Description of the task
All of the data must be returned word for word.

Data records
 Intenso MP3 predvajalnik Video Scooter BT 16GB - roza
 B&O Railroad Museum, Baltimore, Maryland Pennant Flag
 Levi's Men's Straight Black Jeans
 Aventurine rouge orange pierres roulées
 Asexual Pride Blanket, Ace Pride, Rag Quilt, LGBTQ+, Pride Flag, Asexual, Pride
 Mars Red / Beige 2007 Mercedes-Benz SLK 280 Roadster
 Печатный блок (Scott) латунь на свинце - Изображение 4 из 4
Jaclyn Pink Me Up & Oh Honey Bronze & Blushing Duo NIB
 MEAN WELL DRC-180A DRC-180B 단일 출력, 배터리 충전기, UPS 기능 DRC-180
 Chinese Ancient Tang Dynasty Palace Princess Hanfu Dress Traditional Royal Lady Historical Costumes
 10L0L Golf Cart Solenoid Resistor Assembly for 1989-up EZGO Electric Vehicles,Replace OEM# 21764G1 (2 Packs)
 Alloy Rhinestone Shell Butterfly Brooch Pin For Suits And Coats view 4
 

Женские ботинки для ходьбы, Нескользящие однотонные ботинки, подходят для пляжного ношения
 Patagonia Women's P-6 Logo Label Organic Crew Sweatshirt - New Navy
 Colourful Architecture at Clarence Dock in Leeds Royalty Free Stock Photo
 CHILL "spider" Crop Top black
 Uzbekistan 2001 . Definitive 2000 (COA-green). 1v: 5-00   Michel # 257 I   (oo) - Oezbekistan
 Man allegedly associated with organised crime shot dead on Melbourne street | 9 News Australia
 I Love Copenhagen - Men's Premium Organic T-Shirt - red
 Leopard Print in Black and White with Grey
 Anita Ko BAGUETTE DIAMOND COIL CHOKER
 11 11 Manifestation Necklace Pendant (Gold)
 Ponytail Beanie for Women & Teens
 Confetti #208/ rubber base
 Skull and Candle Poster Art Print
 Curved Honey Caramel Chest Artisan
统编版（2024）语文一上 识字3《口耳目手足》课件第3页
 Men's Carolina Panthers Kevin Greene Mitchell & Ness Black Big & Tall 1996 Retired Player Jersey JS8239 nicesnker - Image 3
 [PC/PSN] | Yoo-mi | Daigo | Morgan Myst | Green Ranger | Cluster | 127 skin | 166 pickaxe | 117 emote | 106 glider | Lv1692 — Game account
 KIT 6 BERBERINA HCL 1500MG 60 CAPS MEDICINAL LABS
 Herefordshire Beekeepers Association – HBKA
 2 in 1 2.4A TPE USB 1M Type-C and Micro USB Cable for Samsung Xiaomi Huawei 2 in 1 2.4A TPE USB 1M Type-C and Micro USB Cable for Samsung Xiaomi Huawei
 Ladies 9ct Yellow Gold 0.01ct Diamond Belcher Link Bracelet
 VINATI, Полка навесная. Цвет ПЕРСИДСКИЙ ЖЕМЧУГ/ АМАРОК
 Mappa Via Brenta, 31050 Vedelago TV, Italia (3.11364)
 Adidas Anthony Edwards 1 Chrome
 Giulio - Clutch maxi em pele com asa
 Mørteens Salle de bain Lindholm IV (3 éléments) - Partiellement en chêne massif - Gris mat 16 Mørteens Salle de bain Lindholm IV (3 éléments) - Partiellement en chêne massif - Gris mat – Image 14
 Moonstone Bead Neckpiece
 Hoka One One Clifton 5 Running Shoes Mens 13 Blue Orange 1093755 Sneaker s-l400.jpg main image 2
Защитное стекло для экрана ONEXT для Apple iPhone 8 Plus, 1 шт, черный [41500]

Your response
 Intenso MP3 predvajalnik Video Scooter BT 16GB - roza
 B&O Railroad Museum, Baltimore, Maryland Pennant Flag
 Levi's Men's Straight Black Jeans
 Aventurine rouge orange pierres roulées
 Asexual Pride Blanket, Ace Pride, Rag Quilt, LGBTQ+, Pride Flag, Asexual, Pride
 Mars Red / Beige 2007 Mercedes-Benz SLK 280 Roadster
 Печатный блок (Scott) латунь на свинце - Изображение 4 из 4
Jaclyn Pink Me Up & Oh Honey Bronze & Blushing Duo NIB
 MEAN WELL DRC-180A DRC-180B 단일 출력, 배터리 충전기, UPS 기능 DRC-180
 Chinese Ancient Tang Dynasty Palace Princess Hanfu Dress Traditional Royal Lady Historical Costumes
 10L0L Golf Cart Solenoid Resistor Assembly for 1989-up EZGO Electric Vehicles,Replace OEM# 21764G1 (2 Packs)
 Alloy Rhinestone Shell Butterfly Brooch Pin For Suits And Coats view 4
 

Женские ботинки для ходьбы, Нескользящие однотонные ботинки, подходят для пляжного ношения
 Patagonia Women's P-6 Logo Label Organic Crew Sweatshirt - New Navy
 Colourful Architecture at Clarence Dock in Leeds Royalty Free Stock Photo
 CHILL "spider" Crop Top black
 Uzbekistan 2001 . Definitive 2000 (COA-green). 1v: 5-00   Michel # 257 I   (oo) - Oezbekistan
 Man allegedly associated with organised crime shot dead on Melbourne street | 9 News Australia
 I Love Copenhagen - Men's Premium Organic T-Shirt - red
 Leopard Print in Black and White with Grey
 Anita Ko BAGUETTE DIAMOND COIL CHOKER
 11 11 Manifestation Necklace Pendant (Gold)
 Ponytail Beanie for Women & Teens
 Confetti #208/ rubber base
 Skull and Candle Poster Art Print
 Curved Honey Caramel Chest Artisan
统编版（2024）语文一上 识字3《口耳目手足》课件第3页
 Men's Carolina Panthers Kevin Greene Mitchell & Ness Black Big & Tall 1996 Retired Player Jersey JS8239 nicesnker - Image 3
 [PC/PSN] | Yoo-mi | Daigo | Morgan Myst | Green Ranger | Cluster | 127 skin | 166 pickaxe | 117 emote | 106 glider | Lv1692 — Game account
 KIT 6 BERBERINA HCL 1500MG 60 CAPS MEDICINAL LABS
 Herefordshire Beekeepers Association – HBKA
 2 in 1 2.4A TPE USB 1M Type-C and Micro USB Cable for Samsung Xiaomi Huawei 2 in 1 2.4A TPE USB 1M Type-C and Micro USB Cable for Samsung Xiaomi Huawei
 Ladies 9ct Yellow Gold 0.01ct Diamond Belcher Link Bracelet
 VINATI, Полка навесная. Цвет ПЕРСИДСКИЙ ЖЕМЧУГ/ АМАРОК
 Mappa Via Brenta, 31050 Vedelago TV, Italia (3.11364)
 Adidas Anthony Edwards 1 Chrome
 Giulio - Clutch maxi em pele com asa
 Mørteens Salle de bain Lindholm IV (3 éléments) - Partiellement en chêne massif - Gris mat 16 Mørteens Salle de bain Lindholm IV (3 éléments) - Partiellement en chêne massif - Gris mat – Image 14
 Moonstone Bead Neckpiece
 Hoka One One Clifton 5 Running Shoes Mens 13 Blue Orange 1093755 Sneaker s-l400.jpg main image 2
Защитное стекло для экрана ONEXT для Apple iPhone 8 Plus, 1 шт, черный [41500]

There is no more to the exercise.